Recorded information Start Marker
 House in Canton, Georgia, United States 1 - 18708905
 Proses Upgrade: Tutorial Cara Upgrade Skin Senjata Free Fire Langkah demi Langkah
Recorded information End Marker
Recorded information Start Marker
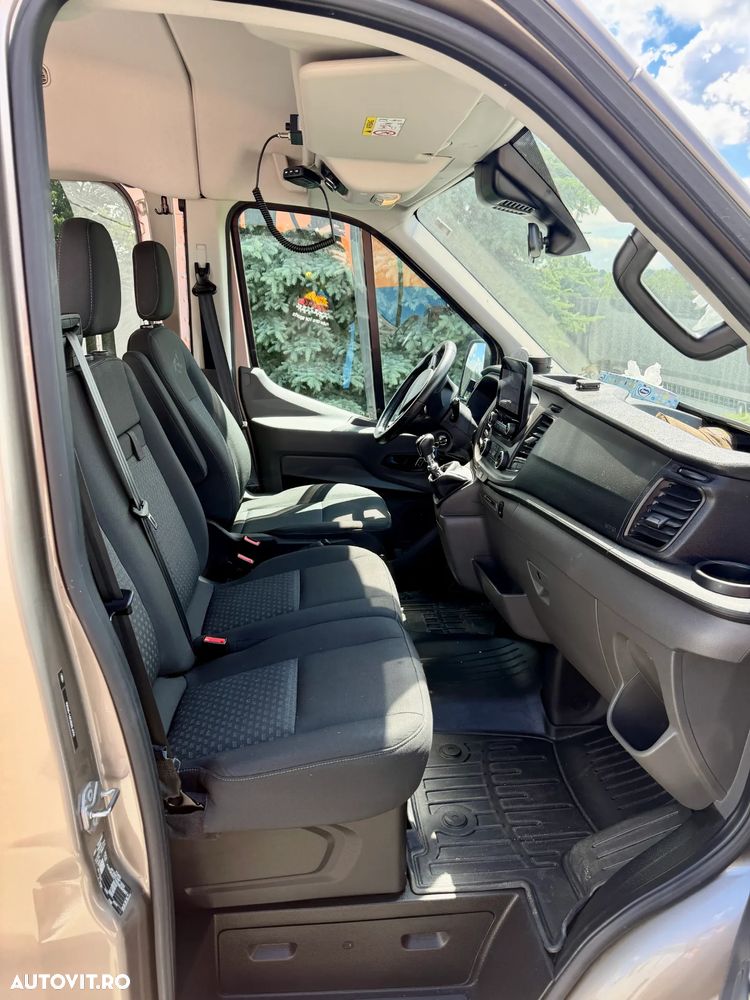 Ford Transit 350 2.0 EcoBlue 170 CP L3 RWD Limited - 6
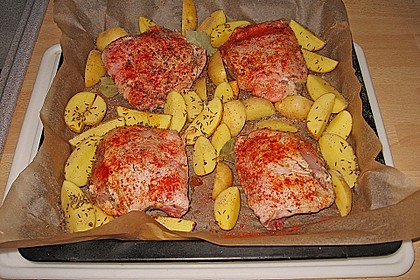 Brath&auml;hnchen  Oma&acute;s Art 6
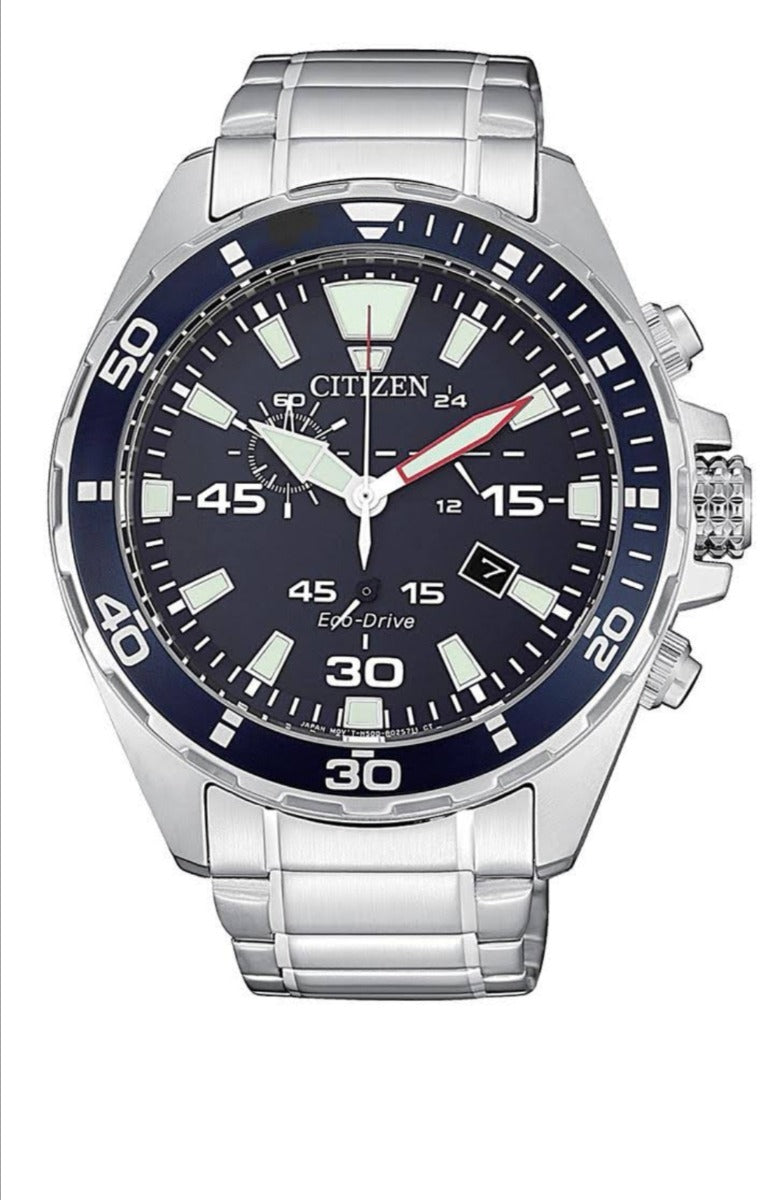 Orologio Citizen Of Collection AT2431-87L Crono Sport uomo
Recorded information End Marker
Recorded information Start Marker
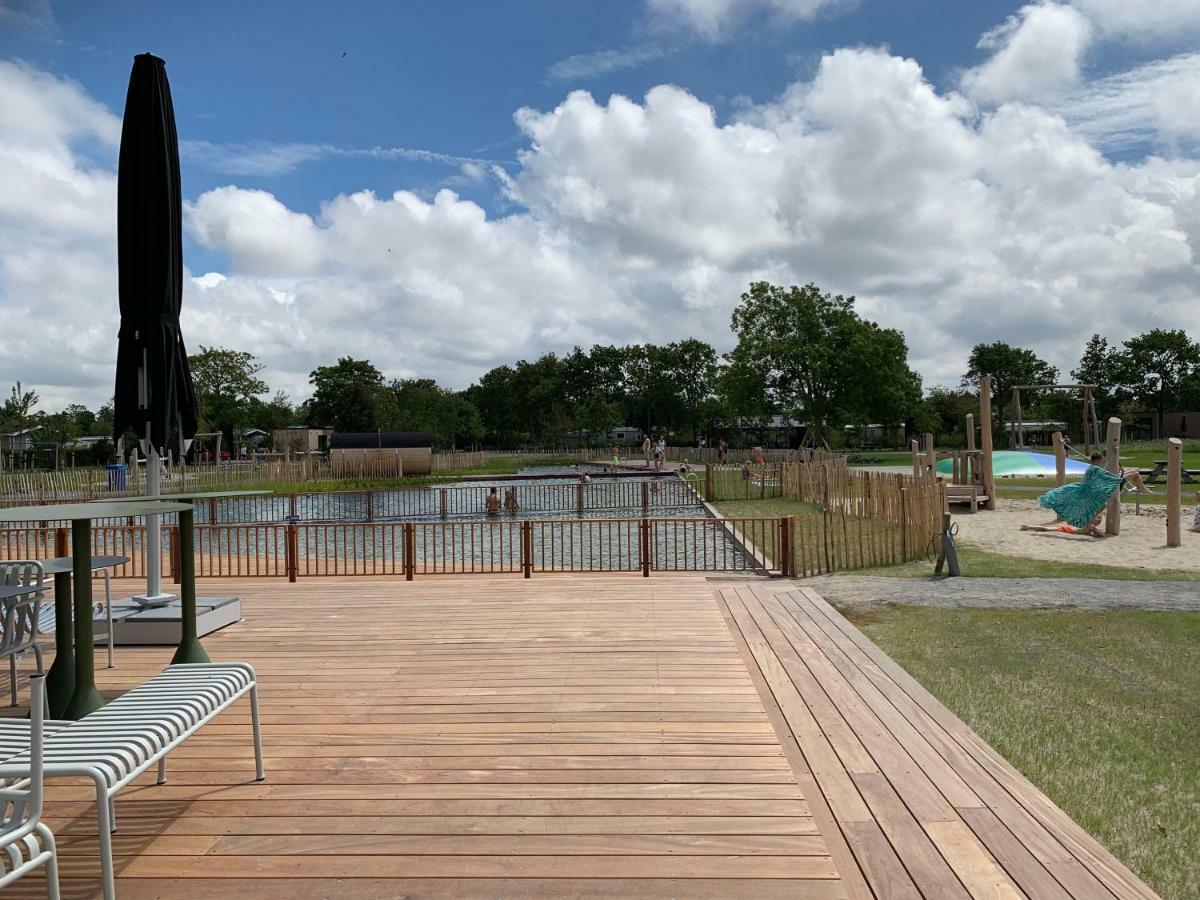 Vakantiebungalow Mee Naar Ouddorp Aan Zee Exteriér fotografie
Recorded information End Marker
Taking the entries above, write out exactly each line from the one holding "House in Canton, Georgia, United" to the one holding "Proses Upgrade: Tutorial", both included, and stop there.

 House in Canton, Georgia, United States 1 - 18708905
 Proses Upgrade: Tutorial Cara Upgrade Skin Senjata Free Fire Langkah demi Langkah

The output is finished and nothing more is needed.